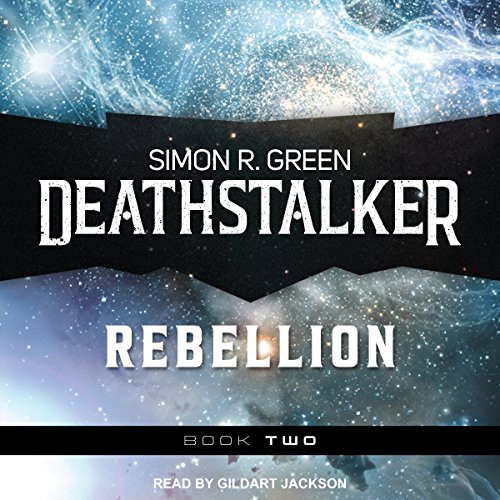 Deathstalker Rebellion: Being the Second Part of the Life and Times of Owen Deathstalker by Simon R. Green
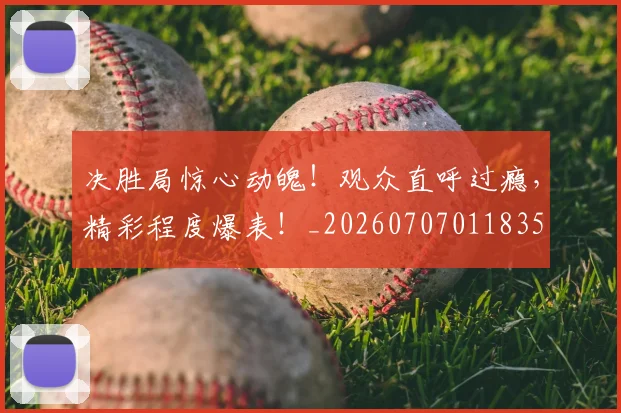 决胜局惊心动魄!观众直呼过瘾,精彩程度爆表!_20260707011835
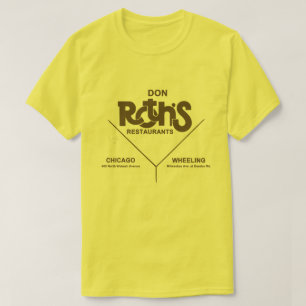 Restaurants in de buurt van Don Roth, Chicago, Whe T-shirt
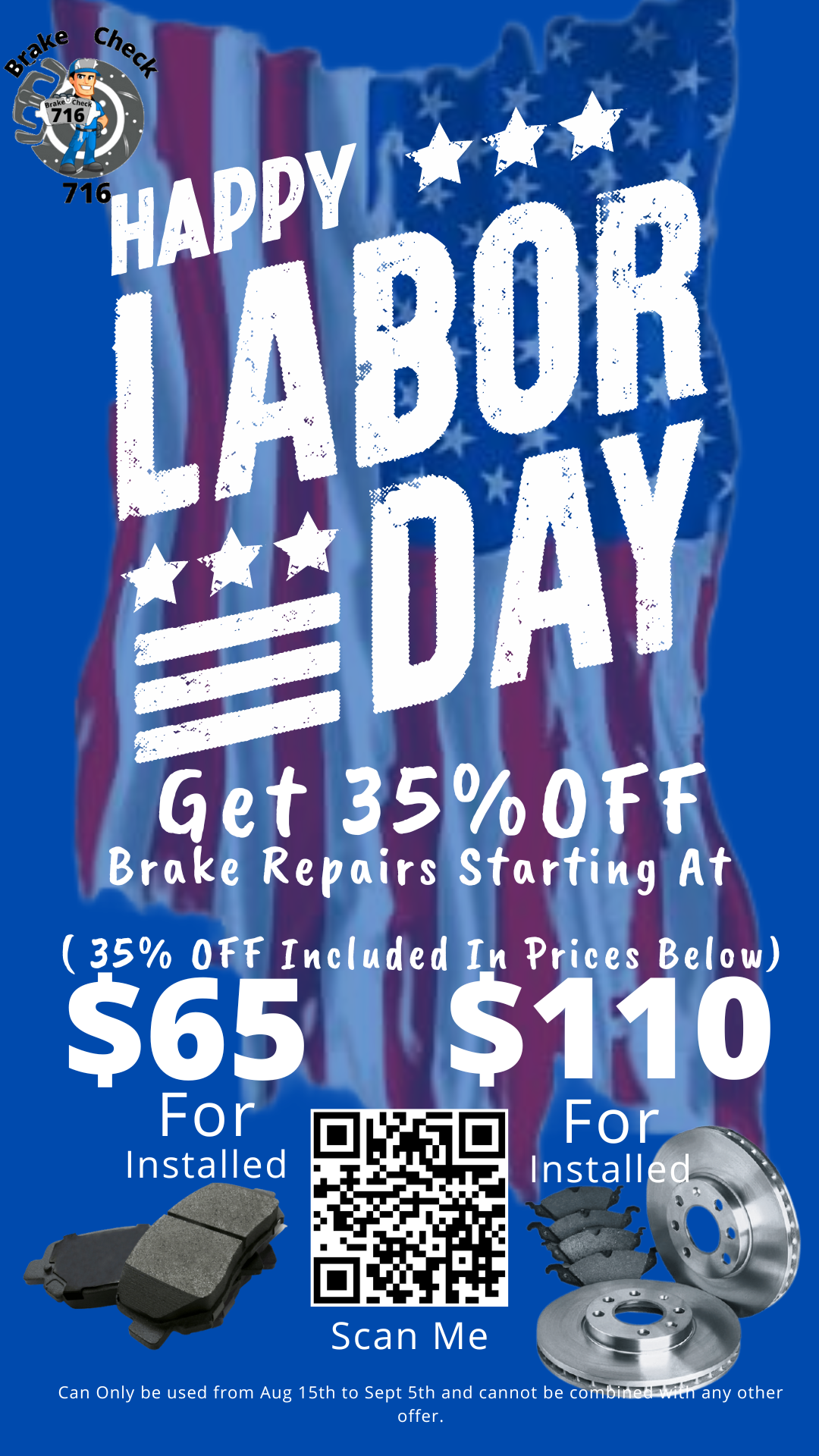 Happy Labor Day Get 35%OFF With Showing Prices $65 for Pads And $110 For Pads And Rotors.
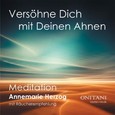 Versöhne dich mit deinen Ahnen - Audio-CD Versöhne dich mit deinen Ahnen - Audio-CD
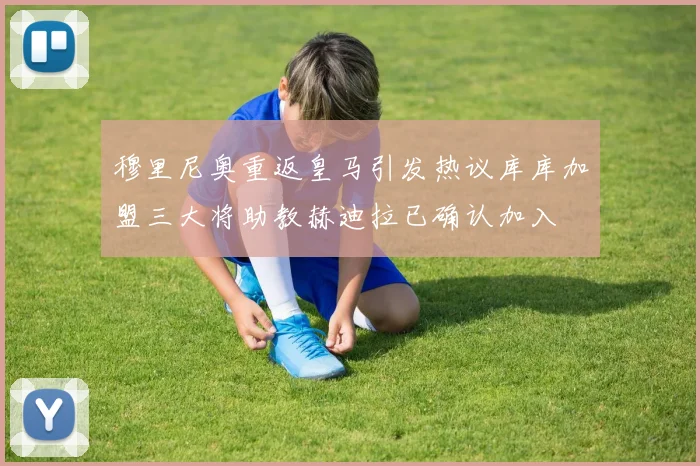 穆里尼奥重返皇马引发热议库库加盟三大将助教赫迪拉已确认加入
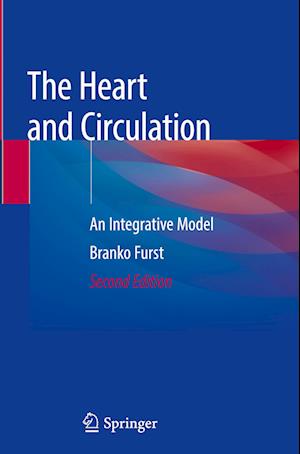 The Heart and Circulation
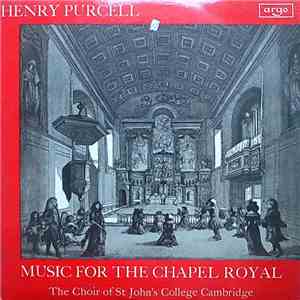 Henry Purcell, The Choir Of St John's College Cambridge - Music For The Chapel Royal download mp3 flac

__________________________________________________

* _Assigned task_: "Versöhne dich mit deinen Ahnen - Audio-CD Versöhne" marks the first line to be returned; return exactly that line and every line after it through the last line of the listing, omitting pictures.

* _Written response_:
 Versöhne dich mit deinen Ahnen - Audio-CD Versöhne dich mit deinen Ahnen - Audio-CD
 穆里尼奥重返皇马引发热议库库加盟三大将助教赫迪拉已确认加入
 The Heart and Circulation
 Henry Purcell, The Choir Of St John's College Cambridge - Music For The Chapel Royal download mp3 flac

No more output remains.